Data to use below:

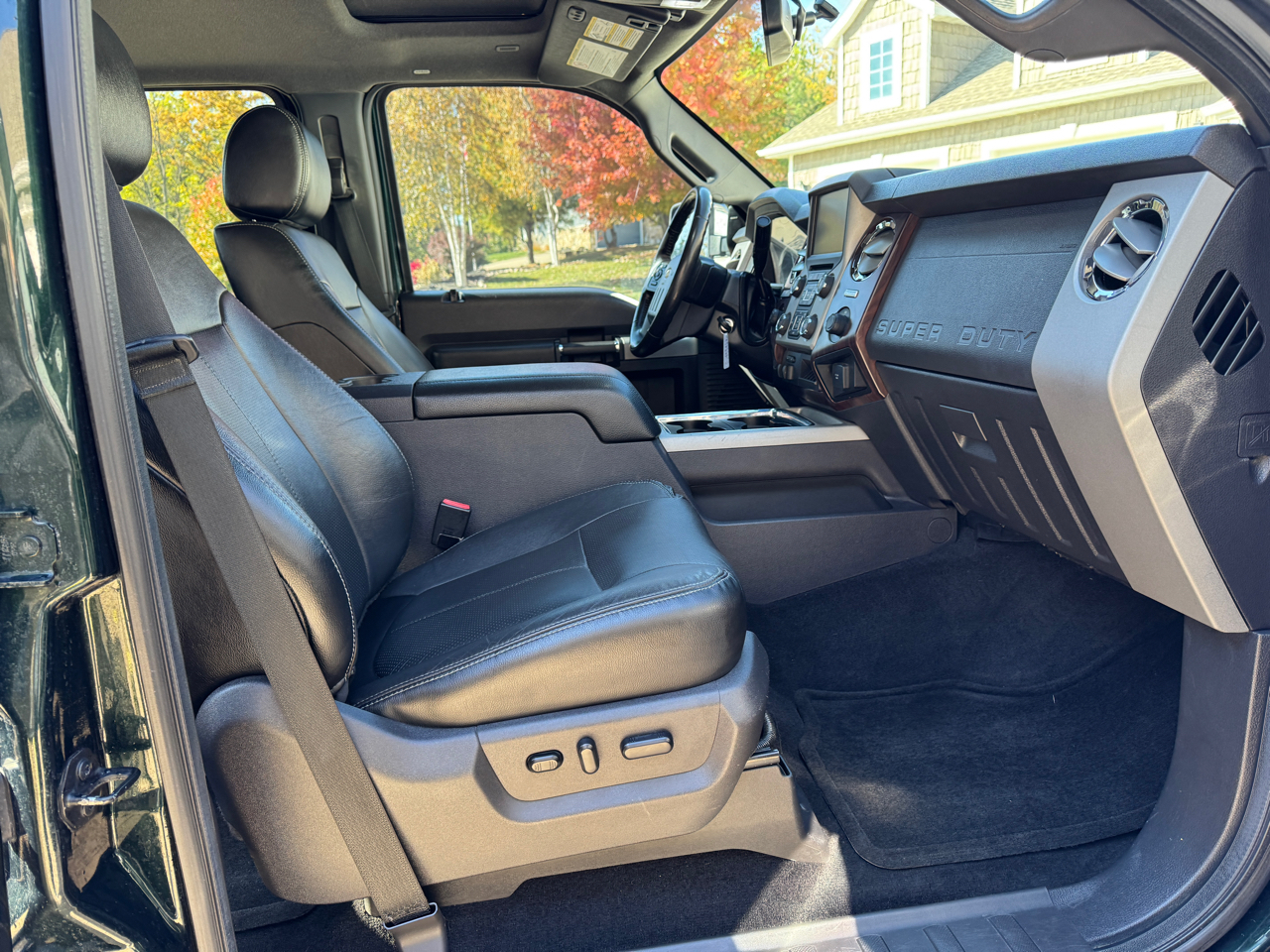 Ford Super Duty F-350 SRW 4WD Crew Cab 156" Lariat 2016 Ford Super Duty F-350 SRW 4WD Crew Cab 156" Lariat 2016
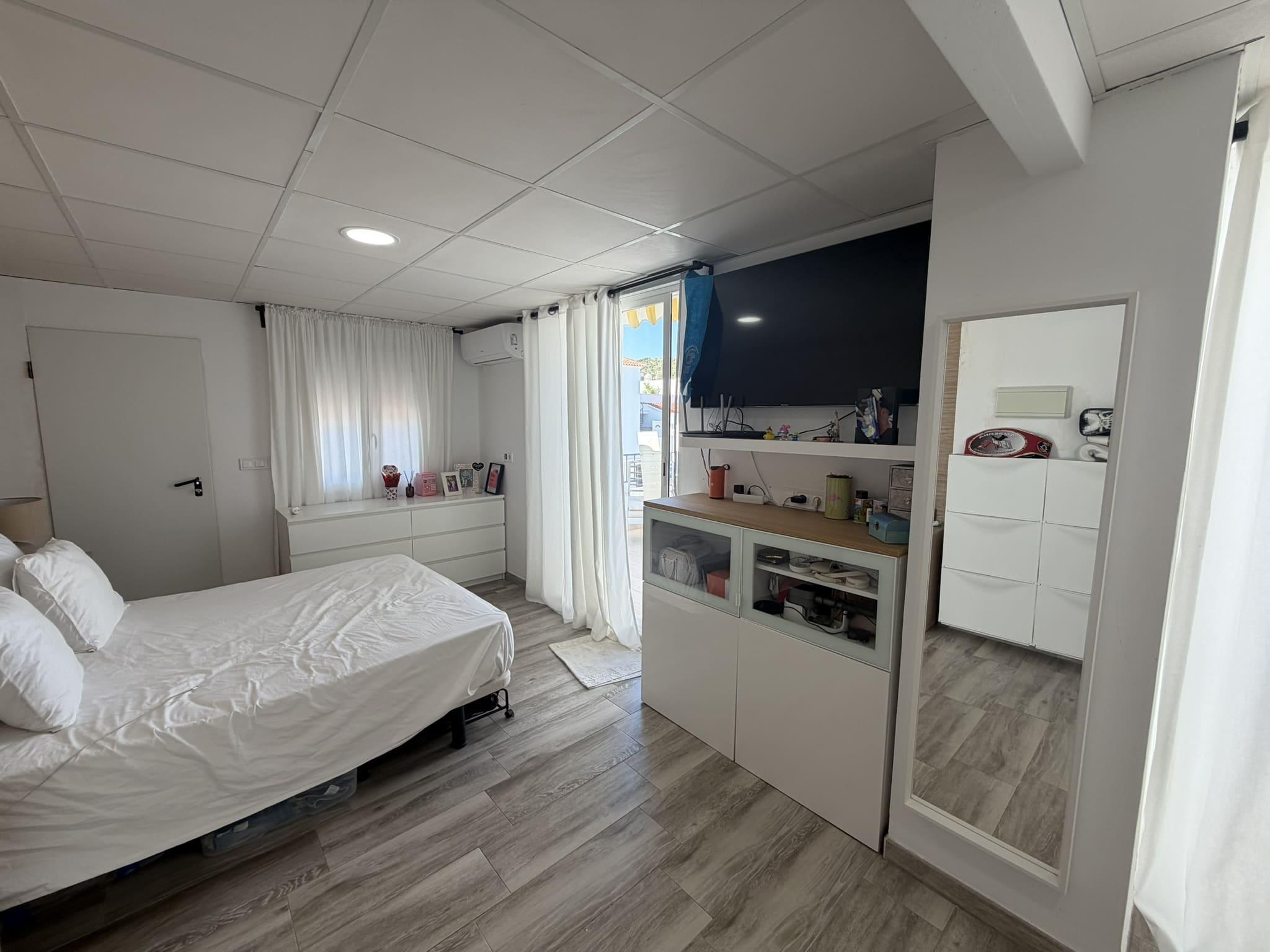 Imagen 16 Casa Adosada en venta en Benalmádena / Santángelo norte, cerca de la a-7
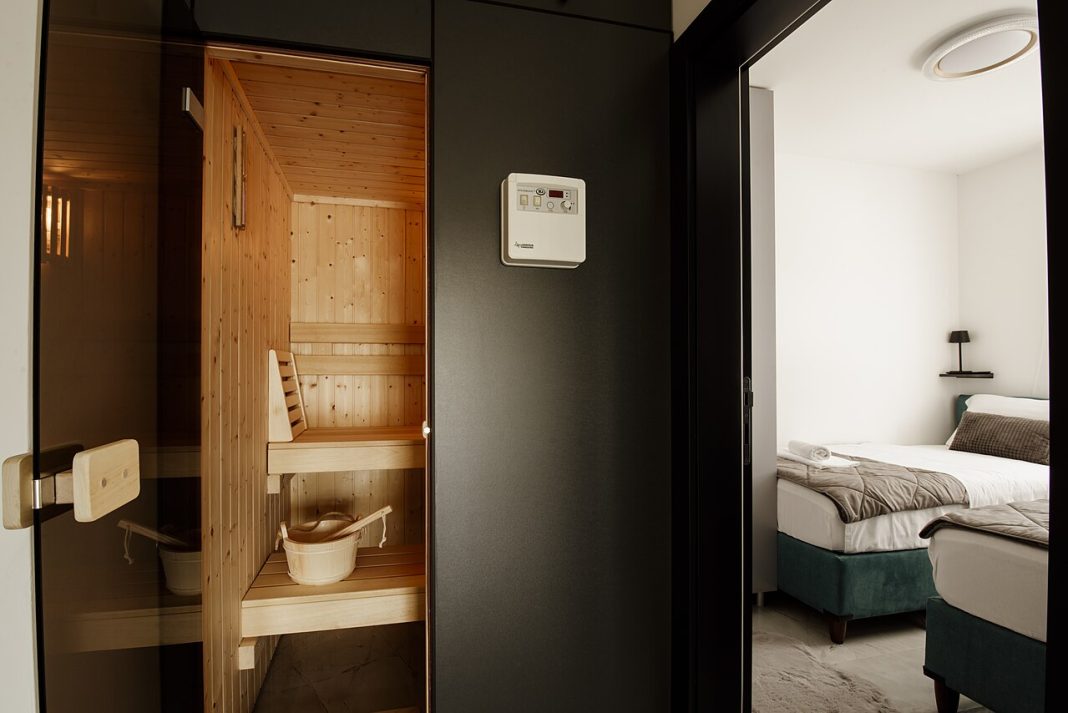 Sauna en bois intégré à un appartement moderne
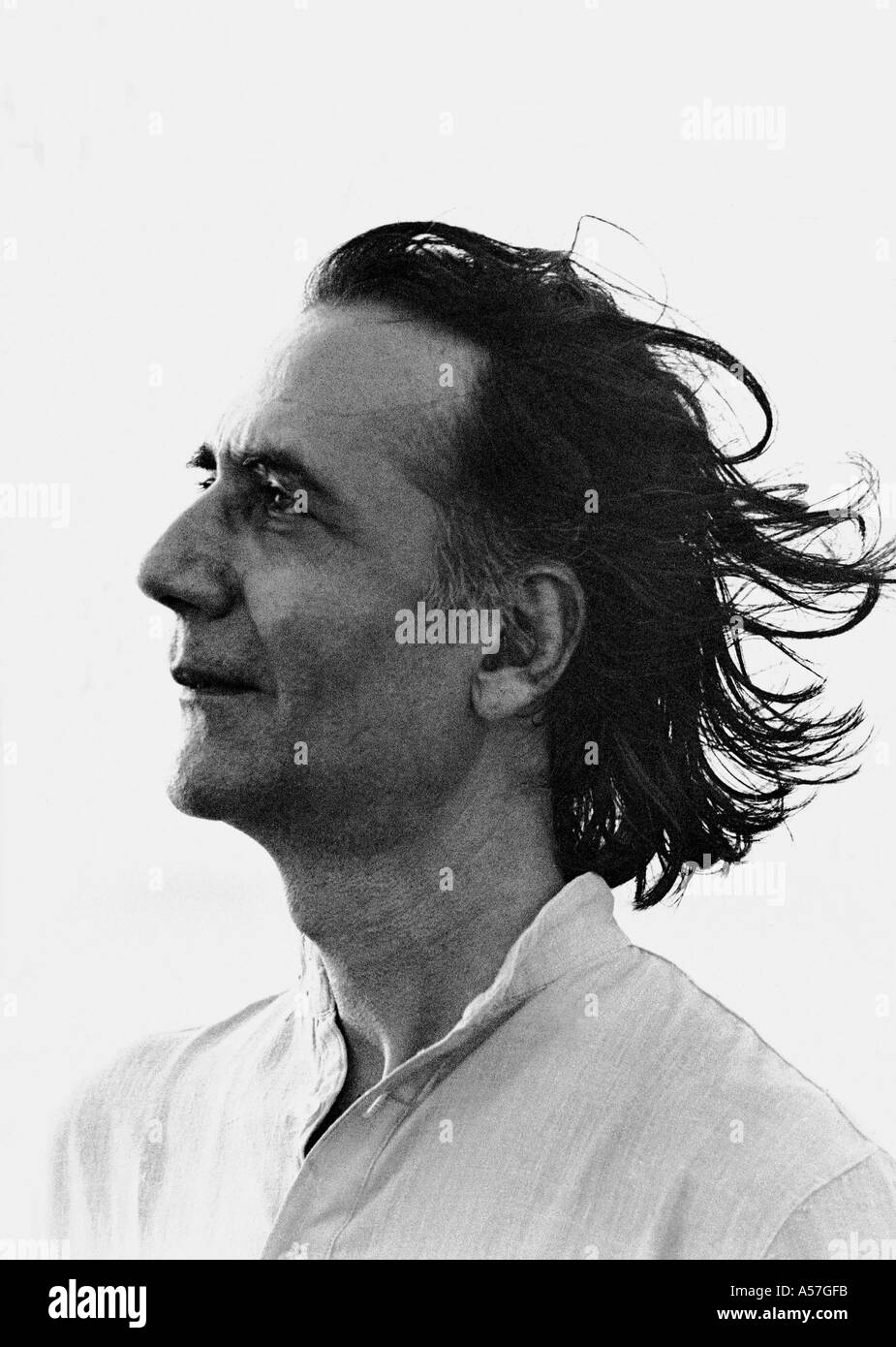 Makarand Dave, scrittore e poeta indiano Gujarati, Juhu Beach Bombay Mumbai Maharashtra India 1976 Foto Stock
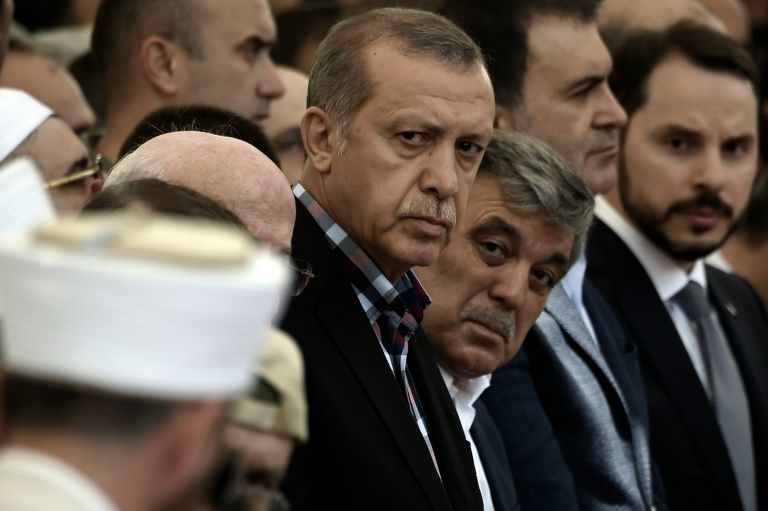 Erdogan espère voir la France «se débarrasser» de Macron «le plus tôt possible»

End of Data to use.

Exercise brief.
Nothing should be printed except the lines from the one with "Makarand Dave, scrittore" through the last line of the listing above, both ends included; please drop the pictures.

Reply to the exercise.
 Makarand Dave, scrittore e poeta indiano Gujarati, Juhu Beach Bombay Mumbai Maharashtra India 1976 Foto Stock
 Erdogan espère voir la France «se débarrasser» de Macron «le plus tôt possible»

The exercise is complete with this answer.